REQUIRED ACTION:
With the line containing "Bộ sen cây tắm" as the final line, restate exactly every line of the data below from the first one onward, and copy no pictures.

■ ■ ■ ■ ■ ■ ■

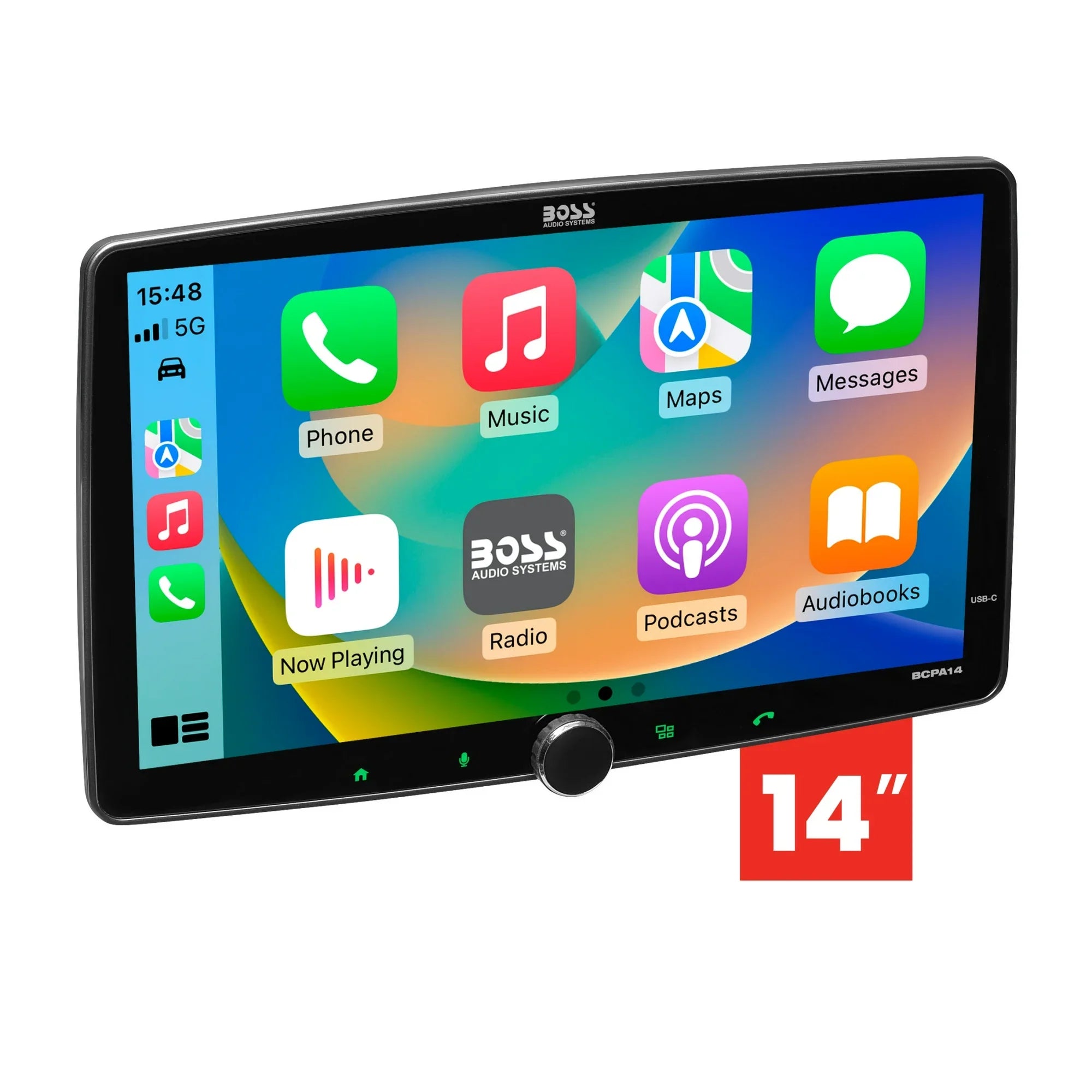 BOSS Audio Systems BCPA14 Car Stereo - Apple CarPlay, Android Auto, Single Din, 14 Inch Capacitive Touchscreen, Bluetooth, No DVD CD Player, AM/FM Radio Receiver, Multicolor Illumination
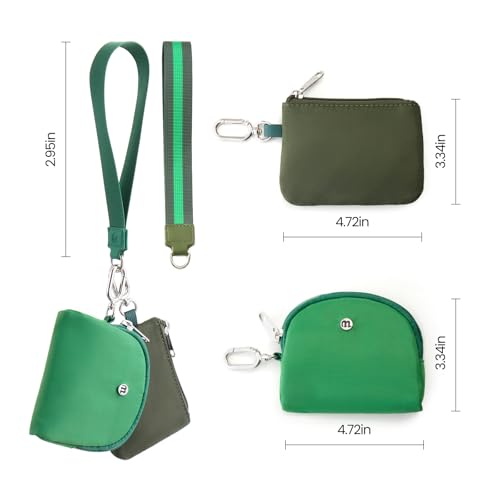 Mini Dual Pouch Wristlet Wallet for Women – Zip Around wristlet Keychain Wallet with 2 Wristlets, Ideal for Dog Walking, Coffee Runs & Lunch Break Essentials(Green) - color: Green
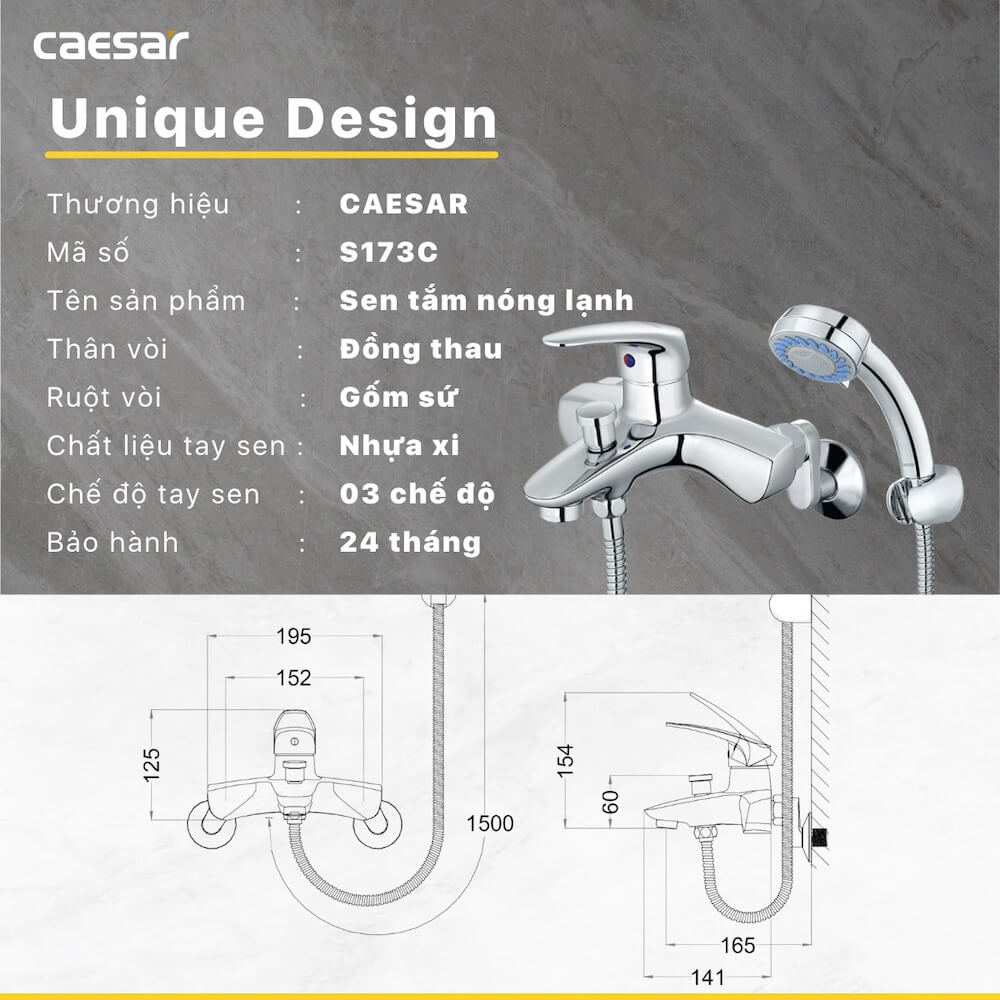 Bộ sen cây tắm đứng nóng lạnh Caesar BS127+S173C - 10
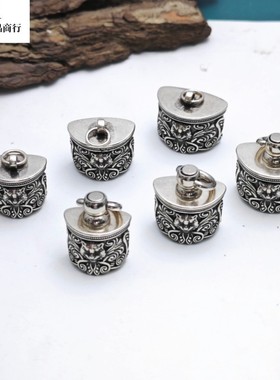 纯铜虎头套挂件复古项链猪牙套镶嵌旋转式手工男士吊坠复古风包邮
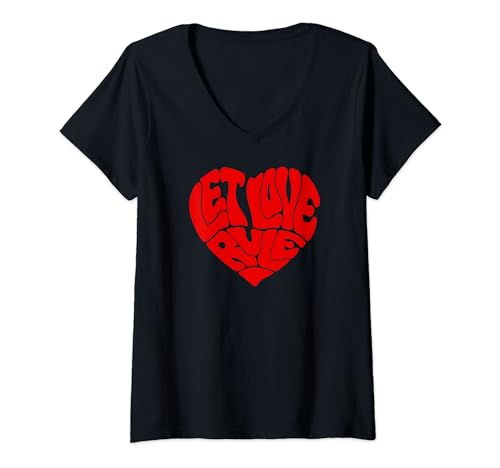 Womens Lenny Kravitz – Red Heart Let Love Rule V-Neck T-Shirt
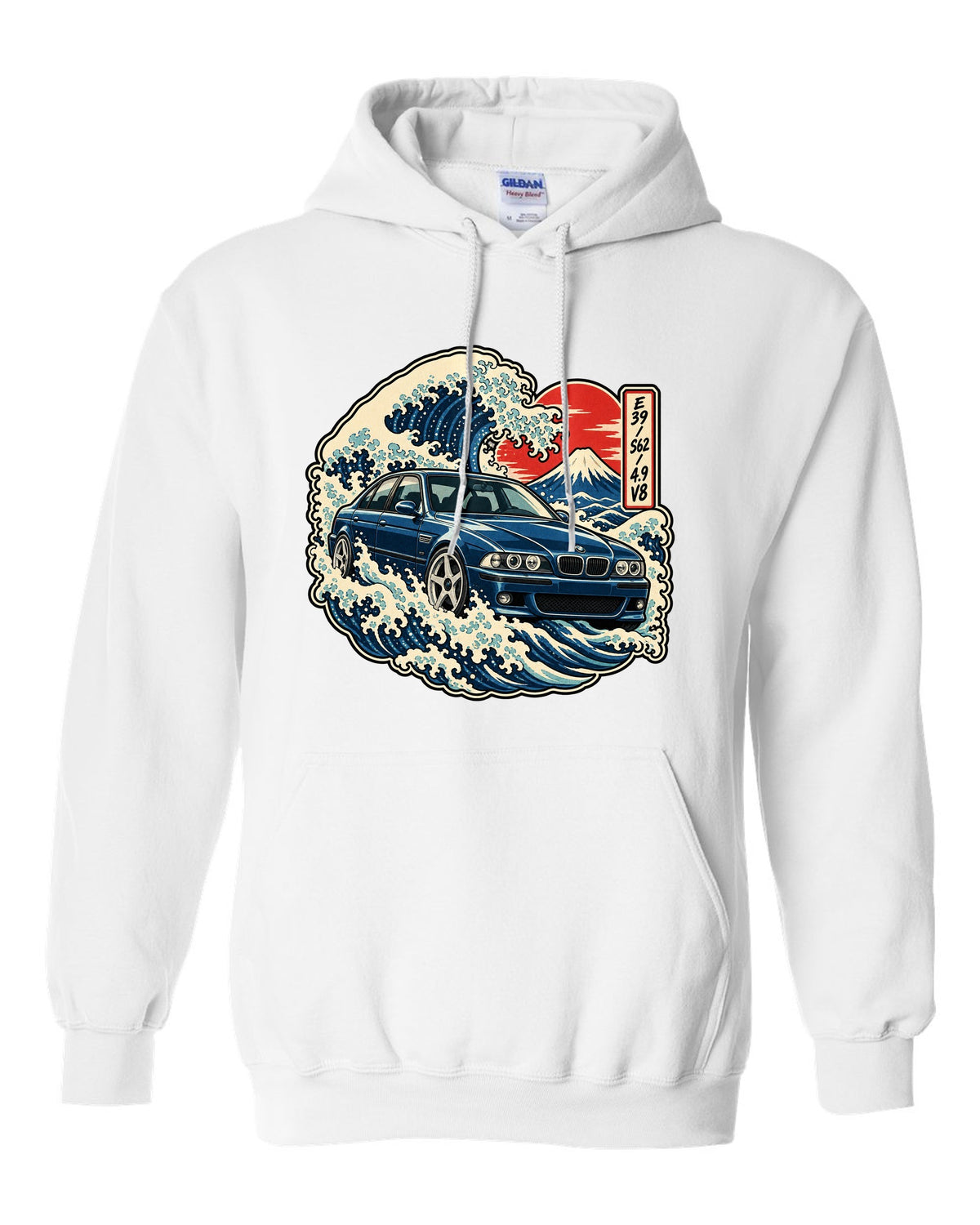 Comic halftone pop-art print of a BMW M5 E39 with one more bolt caption white pull over hoodie front view with the design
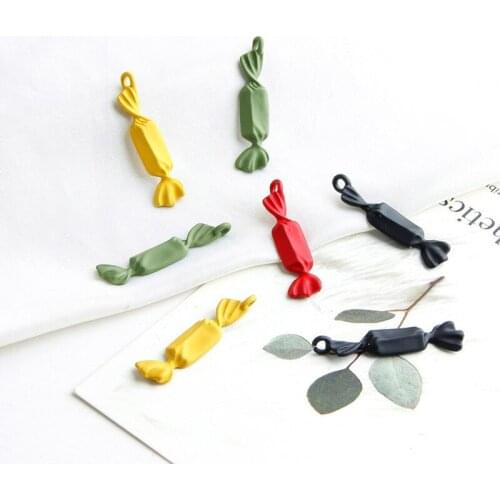 10pcs Sweet Spray Paint Candy Alloy Enamel Charms Dangle 7*35.5mm Snack Pendants Earrings Finding DIY Jewelry Accessories YZ771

■ ■ ■ ■ ■ ■ ■

RESULT OF THE TASK:
 BOSS Audio Systems BCPA14 Car Stereo - Apple CarPlay, Android Auto, Single Din, 14 Inch Capacitive Touchscreen, Bluetooth, No DVD CD Player, AM/FM Radio Receiver, Multicolor Illumination
 Mini Dual Pouch Wristlet Wallet for Women – Zip Around wristlet Keychain Wallet with 2 Wristlets, Ideal for Dog Walking, Coffee Runs & Lunch Break Essentials(Green) - color: Green
 Bộ sen cây tắm đứng nóng lạnh Caesar BS127+S173C - 10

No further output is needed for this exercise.